In Guild Wars 1 you could start a max level PvP character from the very beginning, and just skip all the hassle and bull**** of the infamously grindy PvE portion of any given MMO.
And man, was the PvP fun. What made GW2 pvp fun was simply the diversity of options the game afforded you. Whatever you can think of, you could it. It wasn't like the typical MMO where it's tank/healer/DPS. The game had 8 classes, and any class could become a hybrid with any other class, giving you an incredible amount of options. Each class had around 100 skills, and the player could have 8 skills in their skillbar, so you do the math. The amount of class customization (and not in a retarded, superficial way) was near limitless.
The kind of things you would experience in PvP would need to be seen to be believed. You never
KNEW what you were going to encounter next, because the only bottleneck to potential builds was each player's creativity. Sure, there were cookie-cutter builds that you saw often, but there were so many ways to counter them that generally, anything which become too popular was like a curse upon itself.
The battle interactions were definitely the most exciting thing I've ever experienced in an MMO or RPG pvp setting.
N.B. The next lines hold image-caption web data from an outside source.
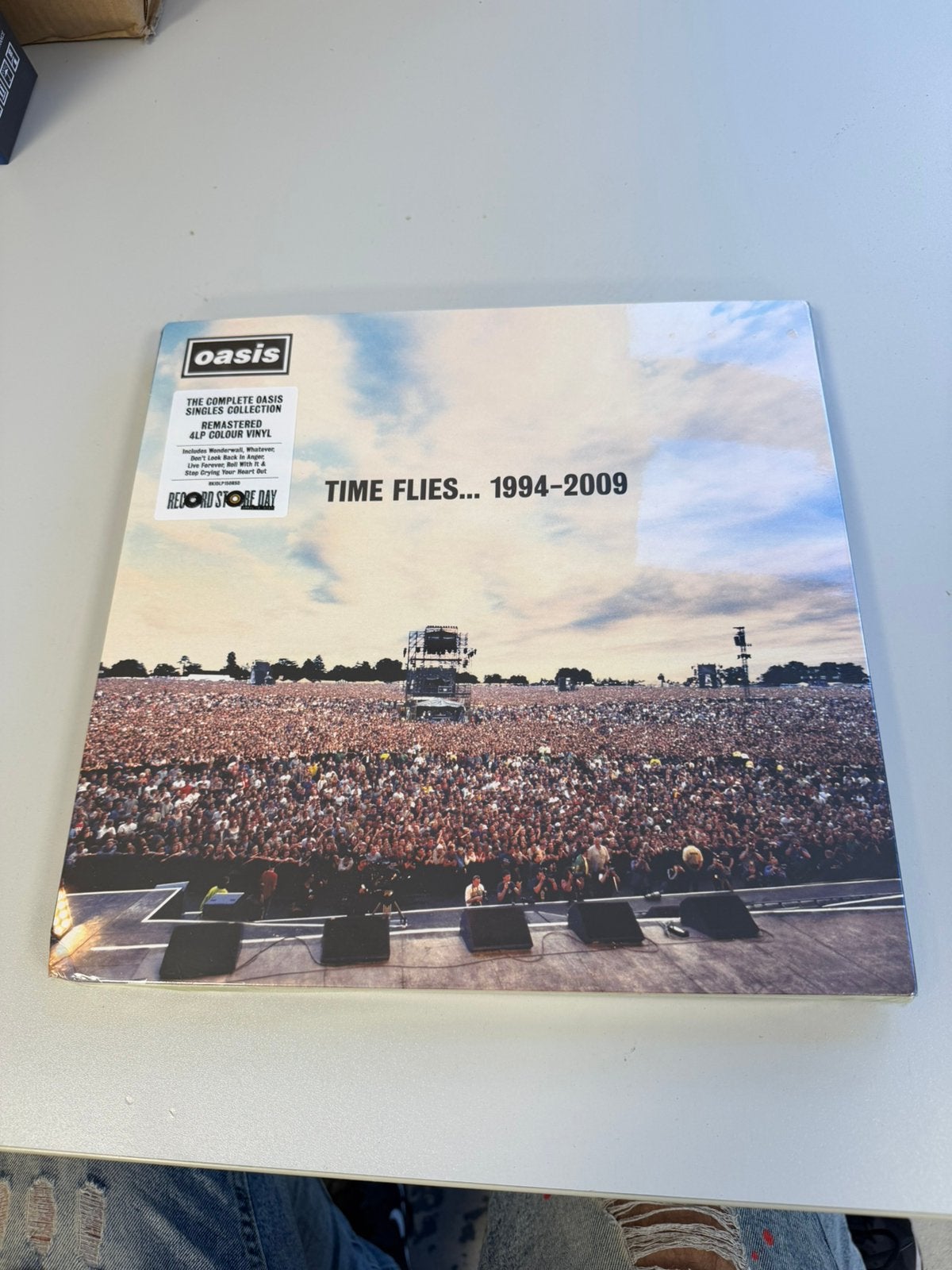 Oasis Time Flies 1994-2009 RSD 2025 4LP Vinyl SEALED boxset, Cd's en Dvd's, Boxset, Ophalen of Verzenden, 12 inch, Nieuw in verpakking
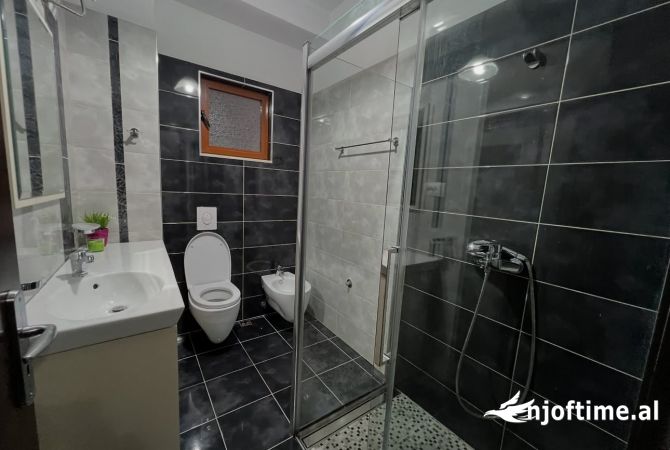 Shtepi me qera Shtepi Private ne Tirane, 3+1, Mobilimi E mobiluar, Pagesa 1,350  Euro.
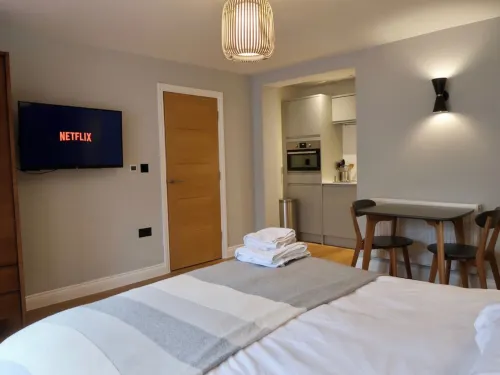 REFURBISHED! Townhouse studio apartment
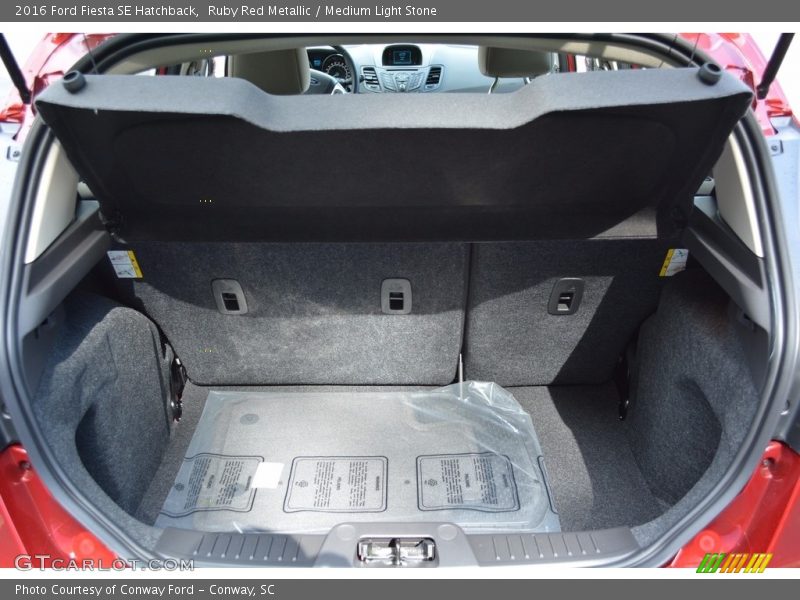 Ruby Red Metallic / Medium Light Stone 2016 Ford Fiesta SE Hatchback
My god, the game had MAGE battles. Seriously, it was basically Harry Potter. Anything you wanted to do, you could do. Massive direct damage? Check. AoE death over a large area? Check. Damage over time that also heals you? Check. Oh what's that, you don't want your opponent to cast spells at all? You could create an entire build whose only job was to cripple enemy mages, countering every spell they attempted to cast and shutting them down to near uselessness, allowing your team to finish them off.
One of the things that really made it shine were the amount of proactive/reactive choices the player was forced to make at any given time. Imagine as a healer, your teammates are dying, and your only job is to save them. But you have a hex on you which deals massive damage each time you cast a spell. Do you continue to heal your friends, putting your own life in danger, or wait until it wears off, and hope you can save what's left?
Of course allies could then take any kind of negative hex or curse off of you, and sometimes even place it on somebody else.
I mean...you know what I'm done trying to explain it. It was incredible. Play, counterplay, proactive, reactive, outsmart your opponent, outdamage your opponent, punish him for every action, or prevent him from even taking action. It was all there, you could do it.
I was really hoping that they would take this same philosophy and apply it to Guild Wars 2, but they most definitely did not. The classes became much more cookie-cutter, the cross-class hybridization was removed, and apparently since the instanced-based server architecture of the first game had been removed in favor of the typical mass server MMO style, the game can't handle the same kind of quick-reflex mechanics the original one had, so they had to drop that in favor of a more...traditional MMO approach (we'll all do a bunch of damage weeeeeee!)